Selected reviews were printed in the local newspaper, the Austin American Statesman and online at Austin 360, copies were printed out within the 20 minute time frame and one print taped face out on the window of the gallery and the second given to the visual artist. This performance has been done in Chicago, Brooklyn, Knoxville and Queens previously and was underwritten through a grant from the Creative Capital / Warhol Foundation. Below you will find the performance description, pictures from the performance taken by Seth Cox, a copy of my Artist Statement for the series and transcription of the Art Critique by Waxman.
Series in Four (4) Pairs [Red, Blue, White and Patina]
Assemblage [Found Object, Enamel, Glass, Filament and Paper}
Painting [Stenciled Aerosol on Board]
Assemblage [Found Object, Enamel, Glass, Filament and Paper}
Painting [Stenciled Aerosol on Board]
ARTIST STATEMENT - by Suza Kanon
Walls that protect also confine.
Schrödinger’s theory in quantum physics examines whether the observed object changes relative to its observation. Is the bird alive or dead, real or reproduction? In both media, linear repetition acts as both prison & stage. Flat birds defiantly swing in their 3d cages.
This studied comparison of buildup and decay gives form to birds in cages and stencils freed through the magic of negative space. Found objects rusted and decayed, layered in enamel and bits of shiny glass and mirror framing happy little paper bluebirds that may or may not peck your eyes out.
These birds have open means to escape but they choose to stay for us to watch. The observer is uncertain if the birds are returning or departing our field of vision. Perhaps this flight impulse is projected by the viewer. Relativity can be quite subjective. How deeply is existence influenced by the subjective perception of the observer? Have we limited ourselves by the very process of definition?
ARTWORK CRITIQUE by Lori Waxman [July 11, 2009 at 12:06 p.m. C.S.T]
Erwin Schroedinger, an Austrian physicist who founded the study of wave mechanics and won the Nobel Prize in 1933, has more recently given his name to a series of studies by artist Suza Kanon.

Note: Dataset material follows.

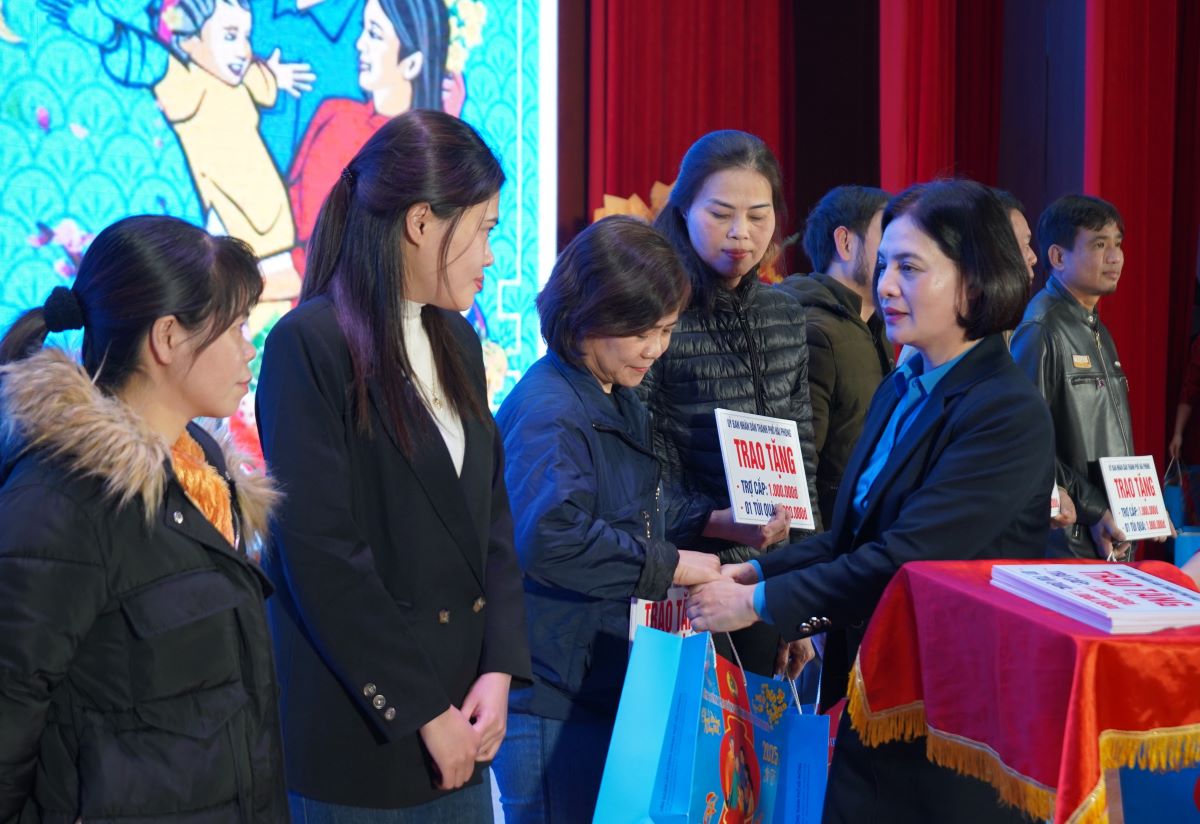 Representatives of the Hai Phong City Labor Federation presented Tet gifts to workers in Hong Bang district. Photo: Mai Dung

"Schroedingers Birdcages" is inspired by the physicist's questioning of how objects change in relation to their observation. In translating this relativist notion into sculptural and painterly media, Kanon has taken a route that looks wonderfully like Joseph Cornell's - she has put paper birds in open cages, along with bits of mirror. Of course, Cornell's purpose was nothing like Kanon's, or Schroedinger's for that matter - he was after a more idiosyncratic revelation of the extraordinary, and his odd juxtapositions continue to attract marveling today. But Kanon's tactic, meant to reveal how reality changes depending on the position of the observer - the birds seem alive from certain angles, depending on how they are caught in the dangling mirrors - also reveals something unexpected: the bird's point of view.
Because, although Kanon suggests that the birds stay in their cages so that we may better observe them, another way of looking at the situation is to imagine that the birds are so confused by the alternative realities reflected in the mirrors that they don't know what's free and what's locked up. They might also be fooled by the paintings Kanon has paired with each cage, which shows the birds floating free, up above any wire mesh. Maybe the birds believe what they see, and think they're already free. We live in a world of images, after all.